75 years ago today (June 10, 1944) the Germans carried out
the Oradour-sur-Glane Massacre in France. German Waffen-SS soldiers surrounded
the village at midday. The village population had almost doubled to about 650
people, swelled by refugees from other parts of France.
Summary:
The soldiers rounded up the entire population and
concentrated them on the market square. They separated the villagers by gender.
The Germans took the 197 men to several barns on the edge of town and locked
them in. They then locked up 240 women and 205 children in the village church
(pictured.) Then the Germans set fire to the barns and threw grenades through
the windows of the church, shooting those who sought to escape the flames.
After 642 inhabitants were dead, the Waffen-SS looted the
empty dwellings and then burned the village to the ground and withdrew from the
smoking ruins. Only seven villagers survived the massacre: six men and a woman,
all of them severely injured.
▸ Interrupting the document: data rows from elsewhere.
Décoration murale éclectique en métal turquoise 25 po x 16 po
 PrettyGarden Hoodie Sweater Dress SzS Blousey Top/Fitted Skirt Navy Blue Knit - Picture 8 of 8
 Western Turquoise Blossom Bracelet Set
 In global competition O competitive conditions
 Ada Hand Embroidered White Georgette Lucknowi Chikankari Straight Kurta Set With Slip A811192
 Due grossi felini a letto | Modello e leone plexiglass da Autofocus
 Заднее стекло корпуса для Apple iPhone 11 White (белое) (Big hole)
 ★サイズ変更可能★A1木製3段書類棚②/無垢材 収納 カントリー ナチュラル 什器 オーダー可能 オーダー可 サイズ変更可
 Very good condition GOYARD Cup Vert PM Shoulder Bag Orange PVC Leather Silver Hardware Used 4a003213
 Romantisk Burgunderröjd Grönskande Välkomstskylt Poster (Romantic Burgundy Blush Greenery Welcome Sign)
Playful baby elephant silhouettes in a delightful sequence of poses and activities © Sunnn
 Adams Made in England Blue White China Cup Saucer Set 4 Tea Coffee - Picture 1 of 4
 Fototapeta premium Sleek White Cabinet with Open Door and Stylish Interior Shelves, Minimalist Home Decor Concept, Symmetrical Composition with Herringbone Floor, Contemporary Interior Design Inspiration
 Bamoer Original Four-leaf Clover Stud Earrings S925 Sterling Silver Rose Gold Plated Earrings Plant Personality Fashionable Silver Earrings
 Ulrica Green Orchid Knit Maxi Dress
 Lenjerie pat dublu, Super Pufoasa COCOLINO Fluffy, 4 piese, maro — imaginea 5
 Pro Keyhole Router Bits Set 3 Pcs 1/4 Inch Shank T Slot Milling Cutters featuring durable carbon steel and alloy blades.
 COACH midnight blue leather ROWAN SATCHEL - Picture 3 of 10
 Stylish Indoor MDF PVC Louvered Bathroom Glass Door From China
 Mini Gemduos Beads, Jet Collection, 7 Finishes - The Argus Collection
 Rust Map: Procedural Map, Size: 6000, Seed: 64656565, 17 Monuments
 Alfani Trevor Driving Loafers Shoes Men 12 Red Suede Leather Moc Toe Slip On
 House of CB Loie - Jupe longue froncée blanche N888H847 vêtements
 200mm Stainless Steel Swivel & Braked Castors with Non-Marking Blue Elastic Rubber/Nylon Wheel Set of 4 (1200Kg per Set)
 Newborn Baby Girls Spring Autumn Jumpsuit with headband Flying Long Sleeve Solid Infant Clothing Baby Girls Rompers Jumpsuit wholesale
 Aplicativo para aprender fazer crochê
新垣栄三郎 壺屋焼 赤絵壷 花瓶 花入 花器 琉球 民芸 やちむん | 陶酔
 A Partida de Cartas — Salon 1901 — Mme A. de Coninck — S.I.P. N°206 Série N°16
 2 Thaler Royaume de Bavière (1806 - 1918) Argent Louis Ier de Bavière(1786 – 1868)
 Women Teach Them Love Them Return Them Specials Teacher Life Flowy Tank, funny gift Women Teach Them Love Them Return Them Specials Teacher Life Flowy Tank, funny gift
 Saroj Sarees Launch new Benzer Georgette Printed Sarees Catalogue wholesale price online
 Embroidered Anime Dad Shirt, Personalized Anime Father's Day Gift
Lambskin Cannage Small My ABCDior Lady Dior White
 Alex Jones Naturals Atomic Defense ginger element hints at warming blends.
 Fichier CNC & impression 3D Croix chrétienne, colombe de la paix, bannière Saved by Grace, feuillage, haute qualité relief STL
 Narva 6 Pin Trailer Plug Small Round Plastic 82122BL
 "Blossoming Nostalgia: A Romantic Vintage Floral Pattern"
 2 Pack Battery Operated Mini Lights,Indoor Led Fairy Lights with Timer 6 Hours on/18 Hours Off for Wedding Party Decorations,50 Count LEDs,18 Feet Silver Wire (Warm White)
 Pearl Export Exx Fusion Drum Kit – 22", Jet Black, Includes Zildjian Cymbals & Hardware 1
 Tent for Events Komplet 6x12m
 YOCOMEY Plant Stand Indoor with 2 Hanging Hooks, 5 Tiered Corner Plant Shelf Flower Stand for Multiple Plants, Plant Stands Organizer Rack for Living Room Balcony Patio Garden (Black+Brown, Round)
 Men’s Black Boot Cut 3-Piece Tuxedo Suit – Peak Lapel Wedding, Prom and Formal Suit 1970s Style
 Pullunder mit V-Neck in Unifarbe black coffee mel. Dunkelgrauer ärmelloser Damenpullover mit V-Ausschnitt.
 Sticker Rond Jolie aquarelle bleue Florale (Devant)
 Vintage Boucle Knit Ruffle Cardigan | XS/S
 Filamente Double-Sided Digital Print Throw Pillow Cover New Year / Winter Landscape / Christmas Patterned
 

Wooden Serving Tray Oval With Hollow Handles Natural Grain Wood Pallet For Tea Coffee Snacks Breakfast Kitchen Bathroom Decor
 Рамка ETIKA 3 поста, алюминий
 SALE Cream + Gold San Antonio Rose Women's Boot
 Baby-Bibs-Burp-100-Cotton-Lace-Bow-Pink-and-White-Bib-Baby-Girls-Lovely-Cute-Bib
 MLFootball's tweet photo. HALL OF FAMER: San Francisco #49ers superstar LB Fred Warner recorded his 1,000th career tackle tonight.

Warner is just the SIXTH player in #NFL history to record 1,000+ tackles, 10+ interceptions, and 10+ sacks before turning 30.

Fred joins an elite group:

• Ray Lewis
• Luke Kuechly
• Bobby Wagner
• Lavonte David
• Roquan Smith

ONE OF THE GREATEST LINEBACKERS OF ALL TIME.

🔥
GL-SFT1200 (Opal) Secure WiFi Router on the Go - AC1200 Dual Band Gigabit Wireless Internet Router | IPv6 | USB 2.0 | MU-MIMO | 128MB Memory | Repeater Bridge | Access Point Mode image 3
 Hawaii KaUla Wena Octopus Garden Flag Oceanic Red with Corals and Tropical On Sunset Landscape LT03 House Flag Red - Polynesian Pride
About fifteen other inhabitants of the village
were able to escape the Germans before the massacre started or evade the
roundup by hiding.
Background:
In February 1944, the 2nd SS Panzer Division "Das
Reich" was stationed in the Southern French town of Valence-d'Agen ,north
of Toulouse, waiting to be resupplied with new equipment and fresh troops.
Following the D-Day invasion of Normandy in June 1944, the division was ordered
north to help stop the Allied advance. One of its units was the 4th SS Panzer
Grenadier Regiment ("Der Führer"). Its staff included regimental
commander SS-Standartenführer Sylvester Stadler, SS-Sturmbannführer Adolf
Diekmann commanding the 1st Battalion and SS-Sturmbannführer Otto Weidinger,
Stadler's designated successor who was with the regiment for familiarisation.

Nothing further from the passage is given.